Angkoe, Pemuda Tak Berguna yang Terlahir dari Masyarakat

5 1 0
                                    

Dikisahkan, Angkoe kecil ialah seorang yang tidak berguna bagi orang tuanya. Dia tidaklah pandai, malas shalat, dan tak mau mengaji di masjid.

Orang tuanya yang pedagang nasi bermasakan Padang pun sering menghujatnya dengan cacian, "Kamu tak berpendidikan! Bodoh! Main terus kerjamu! Nasib baik saya ingat kamu masih anak saya!"

Begitulah kiranya masa kecil Angkoe berlalu. Meskipun disela-sela hujatan ibu dan ayahnya, masih ada belas kasih yang dia dapatkan.

Angkoe yang sejak kecil sering dicap bodoh dan tak berpendidikan oleh orang tuanya sendiri pun menjadi orang yang terbelakang. Menjadi betulan bodoh. Menjadi seorang preman di sekolahnya dan bersikap tidak sopan kepada teman sepermainan.

Orang tua Angkoe yang menyadari bahwa anaknya telah menunjukkan ciri-ciri sampah masyarakat pun mulai mempertimbangkan agar Angkoe direhabilitasi di pesantren. Menuduh bahwa perkara duniawi telah menjadikannya seorang yang tidak bermoral dan kasar.

Angkoe yang mengetahui rencana orang tuanya pun menolak karena telah memiliki mimpi untuk diwujudkan, tetapi tak bisa berdaya upaya ketika dipaksa untuk bertaubat dengan ancaman parang.

Kini Angkoe yang telah dewasa, memahami kitab kuning, dan hafal beberapa ayat sekaligus tafsir-tafsirnya kembali ke orang tuanya.
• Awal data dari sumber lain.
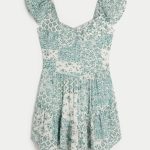 Cinch-Bust Mini Skort Dress - white and green floral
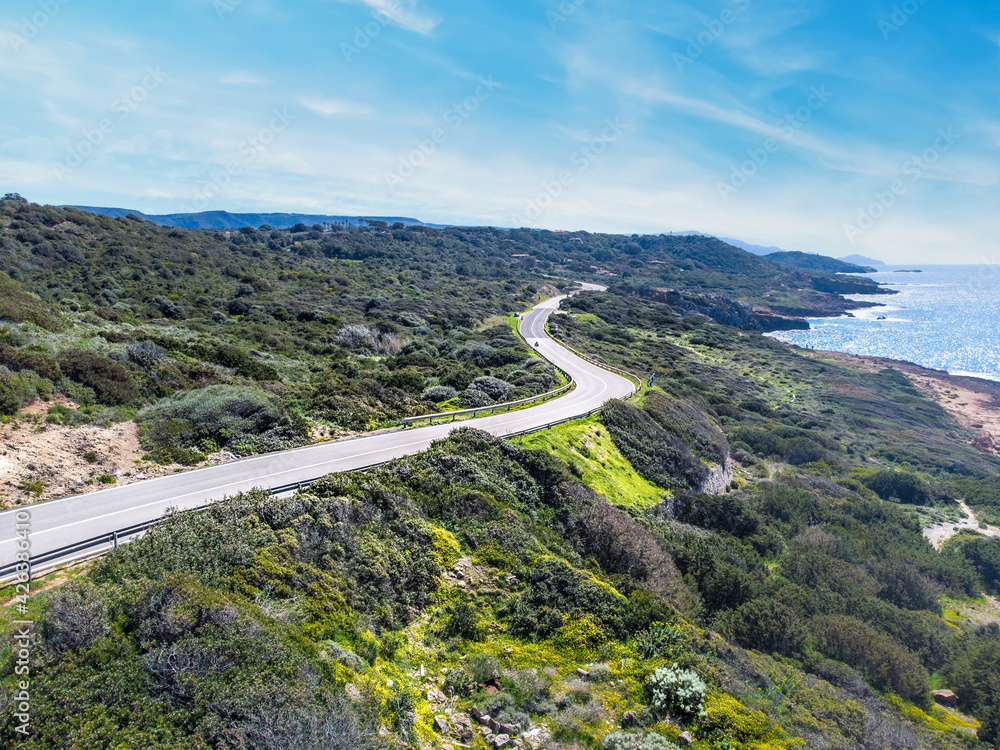 Aerial view of a coastal road in Sardinia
Sayang sungguh disayang, raut wajah Angkoe tampak tak senang melihat orang tuanya sendiri setelah sekian lama berpisah.

Angkoe yang telah lulus dari pesantren dan dielu-elu bakal menjadi ustadz pun meminta restu orang tuanya yang sudah mulai tua renta untuk pergi merantau. Meminta izin untuk berjihad menyebarkan agama.

Disangka atau tidak, niat Angkoe tidaklah semanis ucapannya. Angkoe tak berniat untuk berjihad, melainkan lari dari cengkraman orang tuanya dan memulai hidupnya sendiri yang lebih damai. Mencari mimpi yang pernah dipaksa untuk dilupakan.

Di tanah rantau, Angkoe pun mengajar agama, tetapi tak lama. Dia kemudian banting kemudi menjadi penjaga malam. Melihat keahliannya, dia pun ditawari menjadi centeng klub malam dan sepakat karena tergiur gaji yang cukup tinggi.

Angkoe sebagai manusia merupakan seorang yang baik dan mudah diajak bergaul, tetapi jika disandingkan dengan fakta bahwa dia merupakan seorang jebolan pesantren, tampaknya sulit untuk percaya.

Seorang kemudian bertanya kepada Angkoe, "Hai Angkoe, jika benar engkau seorang santri. Mengapa engkau bekerja di tempat haram seperti ini?"

Angkoe tersenyum tipis seraya berkata, "Orang tuaku sering menyumpahi aku dengan perkataan bodoh dan tak berpendidikan. Mungkin Tuhan mengkabulkan salah satunya dan menjadikan diriku seorang yang bodoh sehingga mau bekerja di tempat ini."

Orang-orang tampak tak terlalu senang mendengar ucapan Angkoe, lalu seorang lain memberanikan diri bertanya, "Apakah engkau sekarang membenci orang tuamu?"

"Tidak, kawan. Aku tak membenci mereka. Mau bagaimanapun mereka tetap orang tuaku, tapi mungkin aku tak ingin menemui mereka lagi."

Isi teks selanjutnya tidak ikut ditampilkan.